→ Work to complete
After finding the line containing "9404 100A AV NW - 49" below, please output that line and each following one through the line containing "सीहोर हायर सेकेंडरी", exactly as written.

[Records excerpted from a collection]
▼▼▼

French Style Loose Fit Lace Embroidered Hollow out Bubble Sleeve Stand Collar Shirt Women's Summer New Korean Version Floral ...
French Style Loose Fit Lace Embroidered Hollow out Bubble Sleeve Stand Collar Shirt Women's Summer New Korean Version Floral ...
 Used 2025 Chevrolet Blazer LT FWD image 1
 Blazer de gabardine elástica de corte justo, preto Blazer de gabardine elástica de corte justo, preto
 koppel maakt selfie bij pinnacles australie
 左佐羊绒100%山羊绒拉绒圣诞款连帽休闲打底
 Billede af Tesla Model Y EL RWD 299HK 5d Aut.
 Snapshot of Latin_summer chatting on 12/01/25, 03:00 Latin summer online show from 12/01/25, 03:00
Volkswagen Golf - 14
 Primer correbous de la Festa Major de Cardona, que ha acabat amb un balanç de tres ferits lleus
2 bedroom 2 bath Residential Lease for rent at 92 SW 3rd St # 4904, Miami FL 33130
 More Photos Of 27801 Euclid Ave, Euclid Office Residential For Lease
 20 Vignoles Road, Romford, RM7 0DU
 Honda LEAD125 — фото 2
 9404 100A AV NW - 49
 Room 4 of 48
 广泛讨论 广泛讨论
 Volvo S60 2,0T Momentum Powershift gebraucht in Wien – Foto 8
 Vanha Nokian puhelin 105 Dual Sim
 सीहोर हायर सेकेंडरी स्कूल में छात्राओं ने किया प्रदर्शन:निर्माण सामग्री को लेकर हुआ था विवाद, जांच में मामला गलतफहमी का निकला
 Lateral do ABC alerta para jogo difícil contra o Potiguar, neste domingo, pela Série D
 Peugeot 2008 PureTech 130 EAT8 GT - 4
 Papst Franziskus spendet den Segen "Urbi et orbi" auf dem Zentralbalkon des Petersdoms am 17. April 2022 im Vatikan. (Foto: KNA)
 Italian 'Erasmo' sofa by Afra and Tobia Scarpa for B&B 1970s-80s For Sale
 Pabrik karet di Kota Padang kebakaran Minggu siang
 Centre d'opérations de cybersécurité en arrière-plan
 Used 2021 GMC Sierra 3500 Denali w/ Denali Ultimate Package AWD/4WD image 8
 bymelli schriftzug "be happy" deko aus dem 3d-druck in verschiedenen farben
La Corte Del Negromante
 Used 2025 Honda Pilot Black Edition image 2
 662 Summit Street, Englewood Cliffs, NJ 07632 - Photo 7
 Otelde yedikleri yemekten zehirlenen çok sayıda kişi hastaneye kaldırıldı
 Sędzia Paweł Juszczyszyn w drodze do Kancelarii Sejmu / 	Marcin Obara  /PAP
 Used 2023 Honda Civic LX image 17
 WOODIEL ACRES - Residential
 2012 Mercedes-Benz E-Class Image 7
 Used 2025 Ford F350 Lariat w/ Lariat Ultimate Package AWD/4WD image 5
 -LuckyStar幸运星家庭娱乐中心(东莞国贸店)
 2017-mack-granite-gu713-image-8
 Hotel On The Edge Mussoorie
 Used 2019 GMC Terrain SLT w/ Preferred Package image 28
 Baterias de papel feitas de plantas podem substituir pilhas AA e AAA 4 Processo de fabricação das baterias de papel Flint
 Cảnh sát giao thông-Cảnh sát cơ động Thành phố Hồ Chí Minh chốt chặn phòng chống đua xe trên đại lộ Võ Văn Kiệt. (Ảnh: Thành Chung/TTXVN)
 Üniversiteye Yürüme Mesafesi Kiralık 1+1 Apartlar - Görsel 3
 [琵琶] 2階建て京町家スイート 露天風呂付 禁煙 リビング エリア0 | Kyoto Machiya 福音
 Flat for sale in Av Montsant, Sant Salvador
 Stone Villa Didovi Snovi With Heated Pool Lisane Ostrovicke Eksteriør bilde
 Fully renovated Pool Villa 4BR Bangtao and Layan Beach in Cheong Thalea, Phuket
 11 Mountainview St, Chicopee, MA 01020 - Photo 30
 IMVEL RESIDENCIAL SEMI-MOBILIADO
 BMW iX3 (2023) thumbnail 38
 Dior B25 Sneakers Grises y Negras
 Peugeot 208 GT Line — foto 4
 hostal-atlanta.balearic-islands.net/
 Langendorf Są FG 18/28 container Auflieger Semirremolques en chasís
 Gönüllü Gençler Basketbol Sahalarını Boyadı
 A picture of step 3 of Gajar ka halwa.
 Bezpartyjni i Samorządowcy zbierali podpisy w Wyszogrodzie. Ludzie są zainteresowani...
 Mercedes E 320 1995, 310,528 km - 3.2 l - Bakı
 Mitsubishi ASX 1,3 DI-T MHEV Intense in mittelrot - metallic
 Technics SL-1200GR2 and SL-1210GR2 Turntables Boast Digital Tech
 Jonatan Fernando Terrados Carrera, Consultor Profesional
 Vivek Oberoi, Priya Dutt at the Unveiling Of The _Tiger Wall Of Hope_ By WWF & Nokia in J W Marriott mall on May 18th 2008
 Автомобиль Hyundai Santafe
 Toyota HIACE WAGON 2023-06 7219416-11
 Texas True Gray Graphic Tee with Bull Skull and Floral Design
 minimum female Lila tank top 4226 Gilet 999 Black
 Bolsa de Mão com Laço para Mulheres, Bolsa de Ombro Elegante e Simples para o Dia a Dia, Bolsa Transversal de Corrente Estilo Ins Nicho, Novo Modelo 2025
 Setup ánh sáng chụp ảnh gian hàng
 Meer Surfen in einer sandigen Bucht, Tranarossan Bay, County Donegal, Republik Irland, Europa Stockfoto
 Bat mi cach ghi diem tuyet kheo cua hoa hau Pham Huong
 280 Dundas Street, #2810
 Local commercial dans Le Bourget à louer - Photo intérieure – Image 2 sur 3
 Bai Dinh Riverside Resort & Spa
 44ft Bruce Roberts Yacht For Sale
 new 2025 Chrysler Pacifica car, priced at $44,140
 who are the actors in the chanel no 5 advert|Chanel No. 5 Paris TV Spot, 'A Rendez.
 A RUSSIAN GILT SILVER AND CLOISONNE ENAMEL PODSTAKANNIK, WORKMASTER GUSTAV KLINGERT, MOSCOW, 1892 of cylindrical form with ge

▲▲▲

→ Written reply
 9404 100A AV NW - 49
 Room 4 of 48
 广泛讨论 广泛讨论
 Volvo S60 2,0T Momentum Powershift gebraucht in Wien – Foto 8
 Vanha Nokian puhelin 105 Dual Sim
 सीहोर हायर सेकेंडरी स्कूल में छात्राओं ने किया प्रदर्शन:निर्माण सामग्री को लेकर हुआ था विवाद, जांच में मामला गलतफहमी का निकला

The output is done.